INPUT DATA:
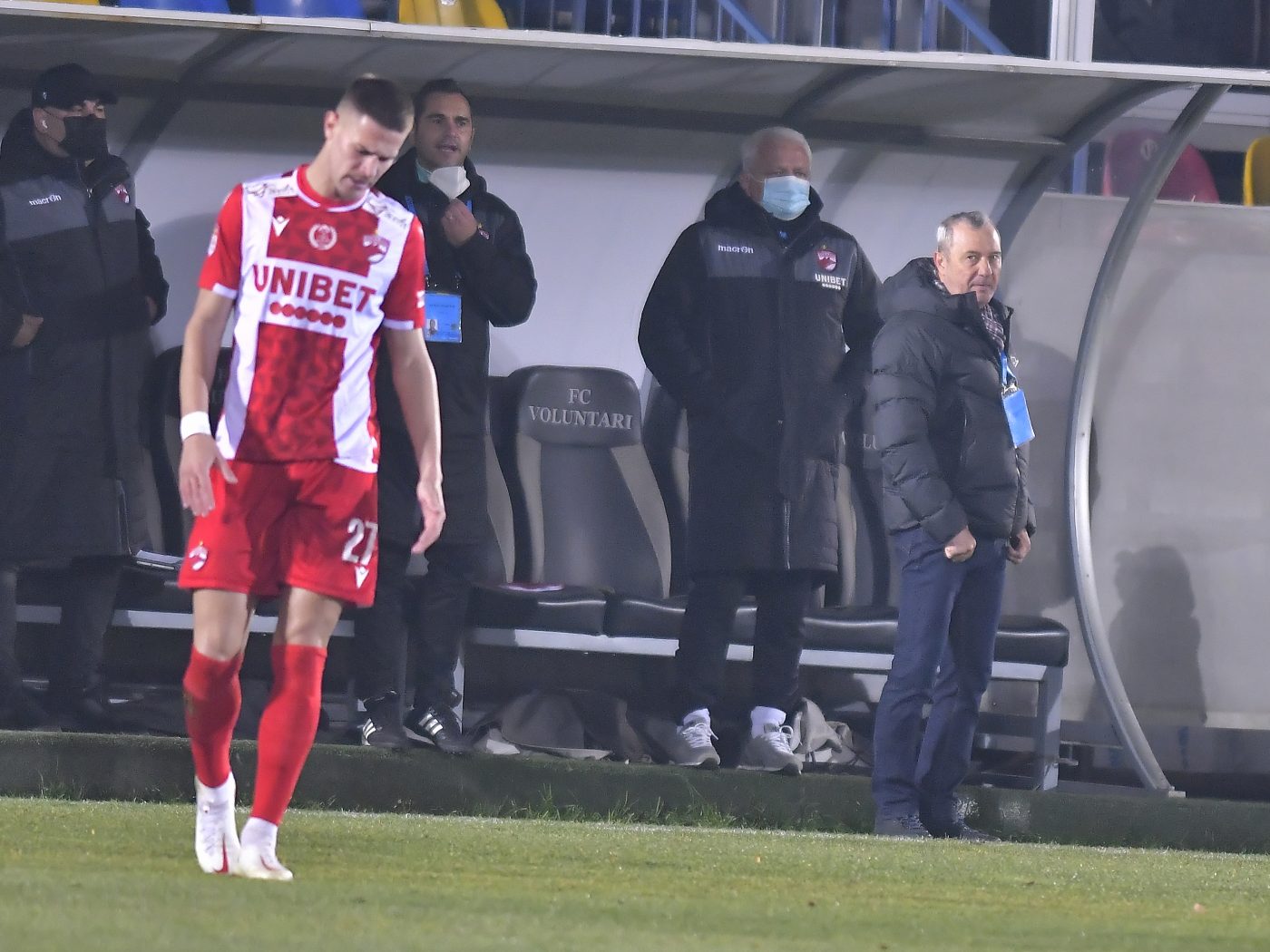 Un fost internațional sună alarma în „Ștefan cel Mare”: „Mi-e ca Dinamo să nu se desființeze! Jucătorii sunt de vină. Toți care nu fac față și nu dau randment, să plece!”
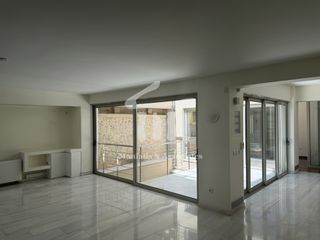 Μονοκατοικία 365 τ.μ. για ενοικίαση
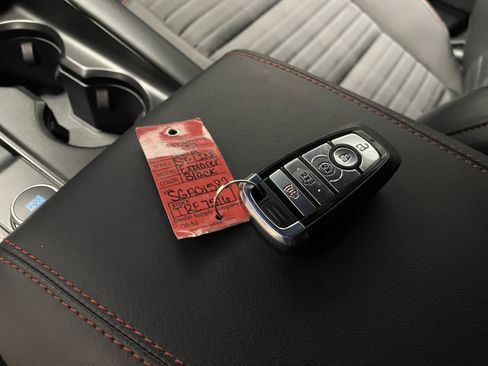 Used 2025 Ford Explorer ST-Line image 17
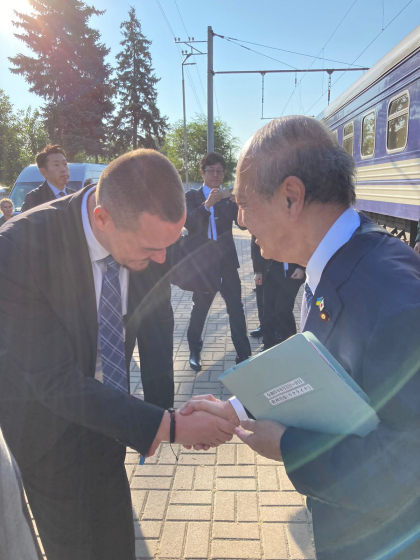 Міністр юстиції Японії Рюдзі прибув до України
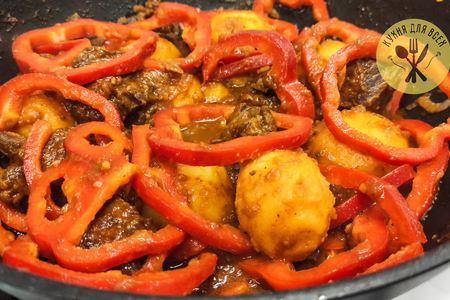 Говядина на сковороде с картошкой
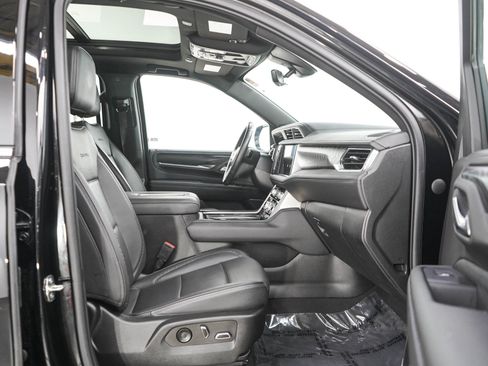 Used 2022 GMC Yukon Denali w/ Denali Premium Package AWD/4WD image 11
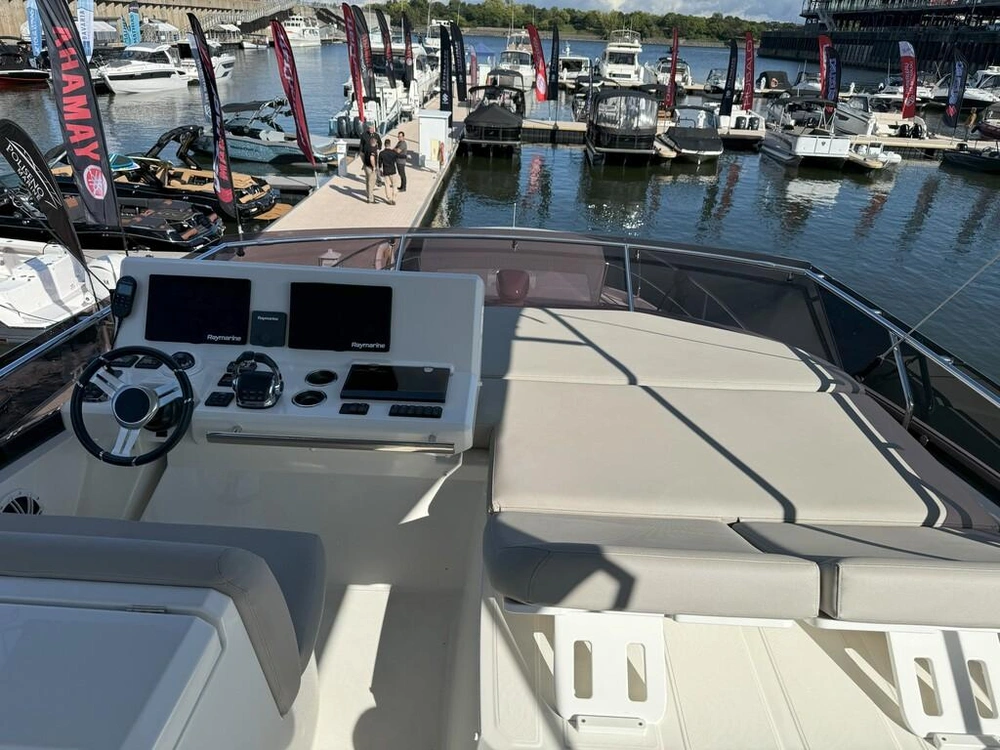 Prestige Yachts 520 Fly 2020 alt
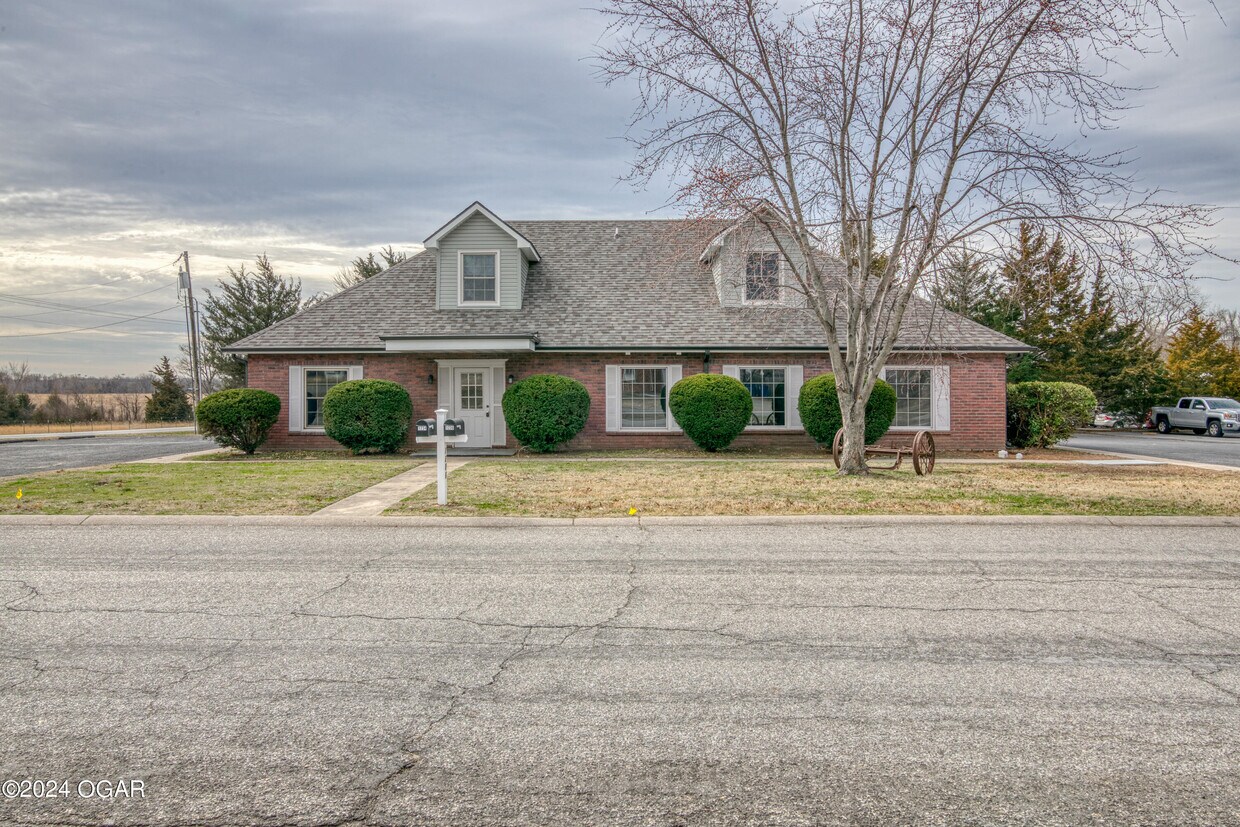 1234 N Duquesne Rd, Joplin, MO 64801 Condo for Rent in Joplin, MO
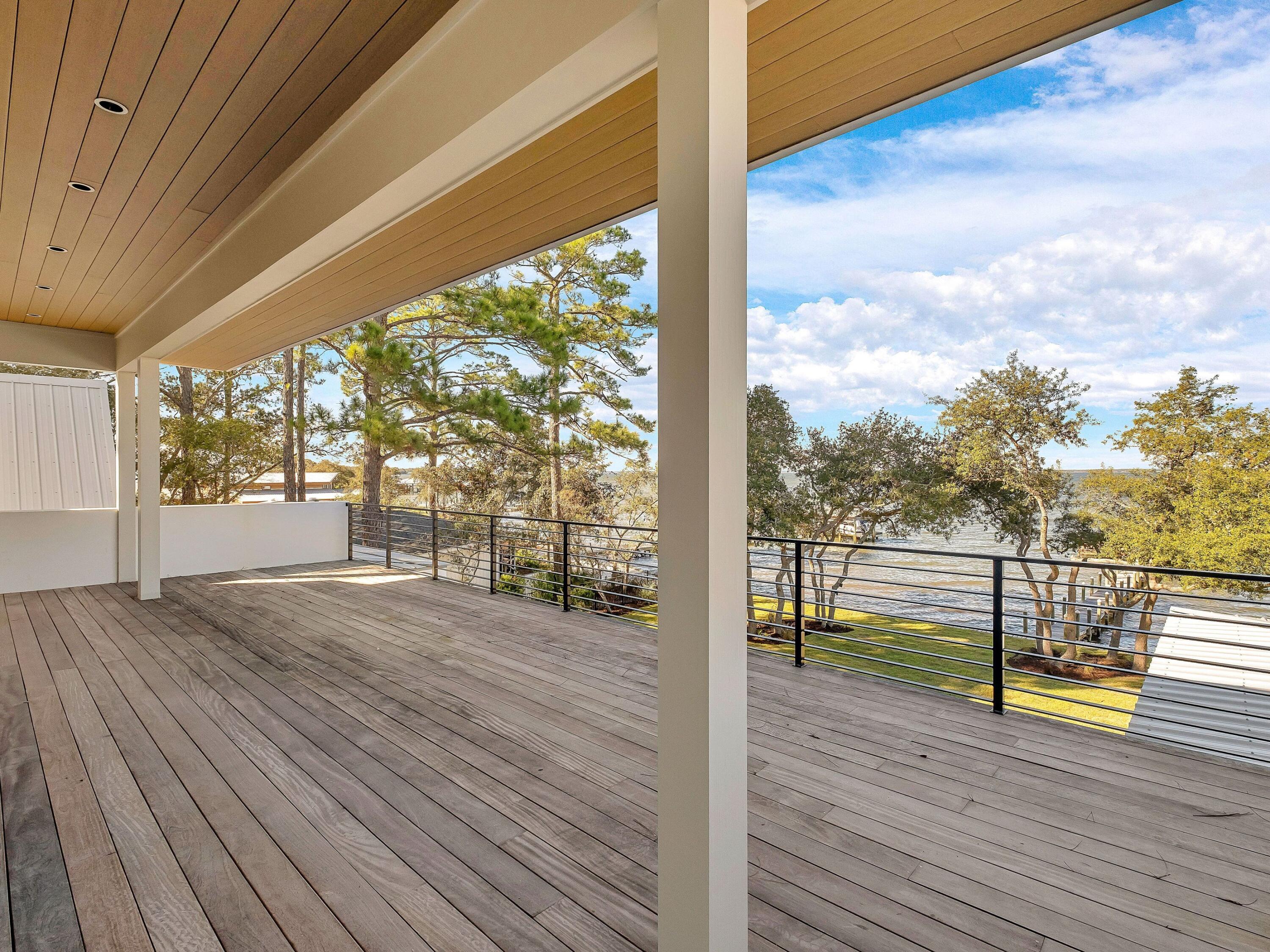 BAY PINES - Residential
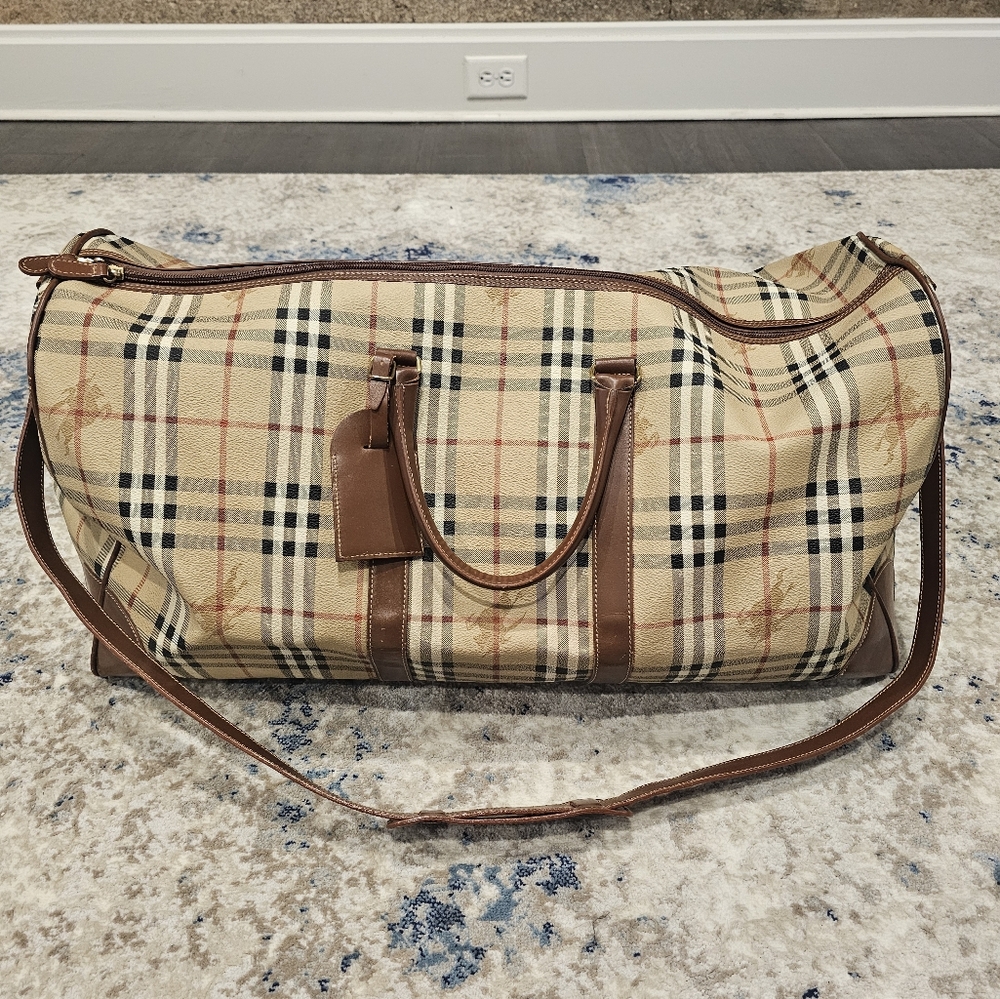 Authentic New Leather Burberry Nova Large Duffle Bag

WHAT TO WORK ON:
Where the line containing "Говядина на сковороде с картошкой" appears above, start there and set down each line exactly through the last line of the data; leave out every picture.

EXERCISE RESPONSE:
 Говядина на сковороде с картошкой
 Used 2022 GMC Yukon Denali w/ Denali Premium Package AWD/4WD image 11
 Prestige Yachts 520 Fly 2020 alt
 1234 N Duquesne Rd, Joplin, MO 64801 Condo for Rent in Joplin, MO
 BAY PINES - Residential
 Authentic New Leather Burberry Nova Large Duffle Bag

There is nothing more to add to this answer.